(Brief descriptive captions)
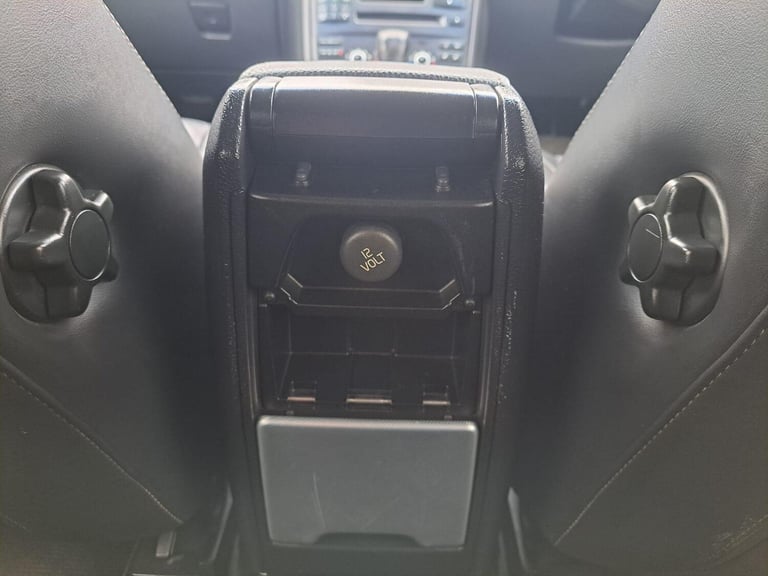 2013 Volvo XC90 2.4 D5 R-Design Nav Geartronic 4WD Euro 5 5dr ESTATE Diesel Automatic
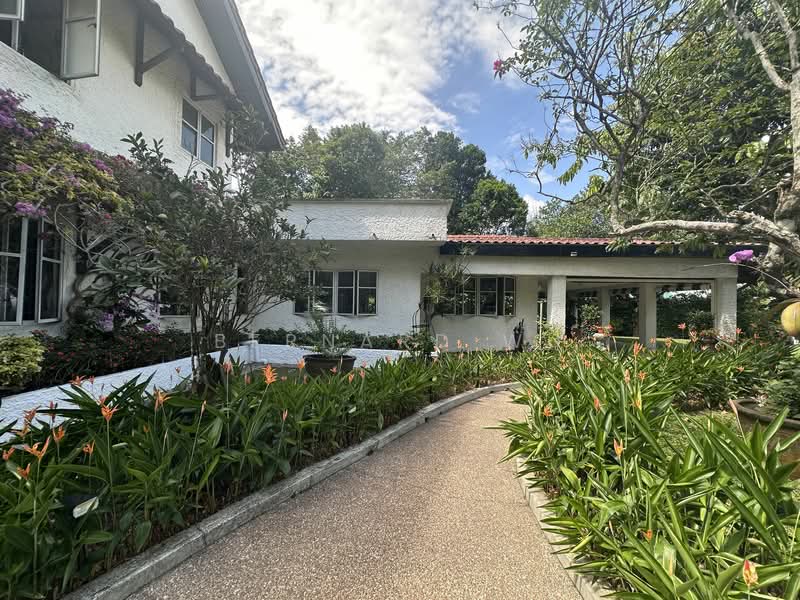 For Sale - Good class Bungalow Bin Tong Park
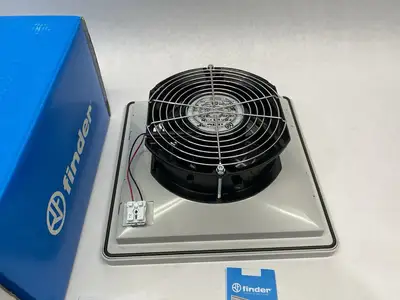 USED FINDER STANDARD FILTER FAN UNIT, 24VDC, 147 CFM FREE FLOW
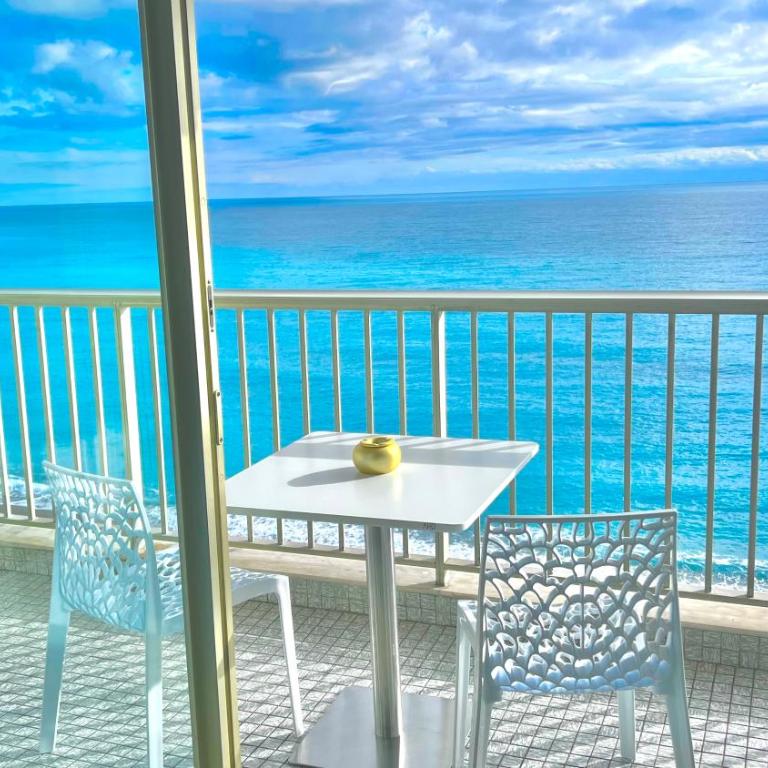 SEAVIEWS BY JENNI MENTON, LA SUITE, Superbe Front de mer, top emplacement avec terrasse et parking! - Appartement 1 Chambre - 17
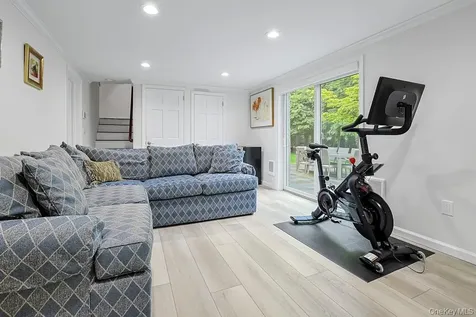 305 Stratton Road New Rochelle NY 10804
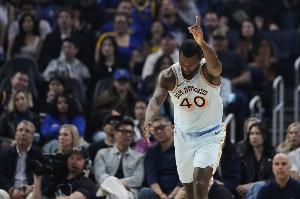 手感火热！福克斯快速反击找到底角巴恩斯 三分手起刀落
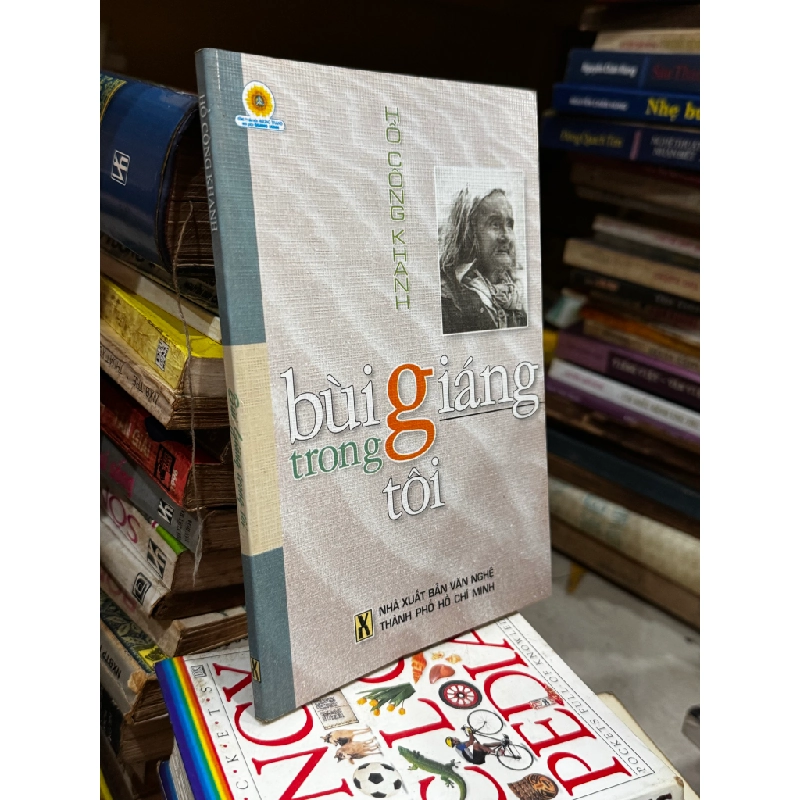 Bùi Giáng trong tôi - Hồ Công Khanh 161385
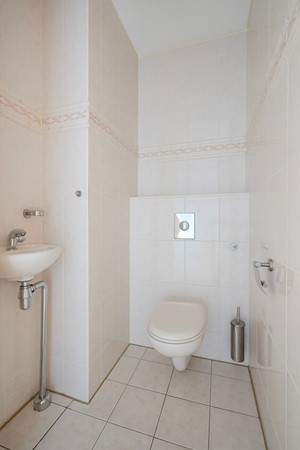 Medium property photo - Marga Klompéstraat 9, 2552 HL Den Haag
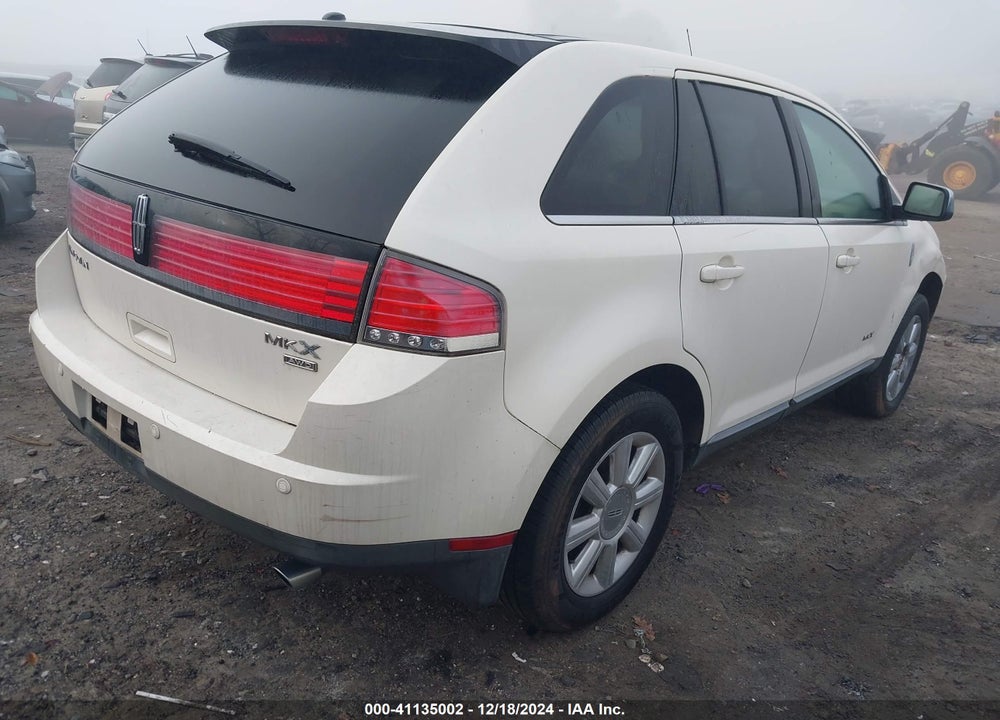 2008 LINCOLN MKX VIN: 2LMDU88CX8BJ31028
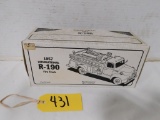 FIRST GEAR 1957 INTERNATIONAL R190 DIE CAST FIRETRUCK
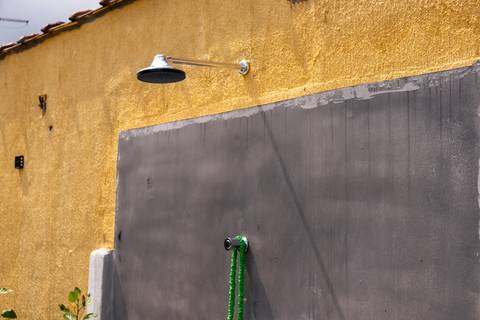 Fotografia profissional de uma casa no bairro Jardim Samambaia, em Praia Grande, SP, pelo fotógrafo profissional de imóveis Fernando Freire, foto para anúncio no Airbnb e Booking. Ambiente do quintal.'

**Required action**.
Exclude the pictures and write out exactly the lines from the one holding "FIRST GEAR 1957" through the end of the entries, inclusive, and only those.

**Answer box**.
 FIRST GEAR 1957 INTERNATIONAL R190 DIE CAST FIRETRUCK
 Fotografia profissional de uma casa no bairro Jardim Samambaia, em Praia Grande, SP, pelo fotógrafo profissional de imóveis Fernando Freire, foto para anúncio no Airbnb e Booking. Ambiente do quintal.'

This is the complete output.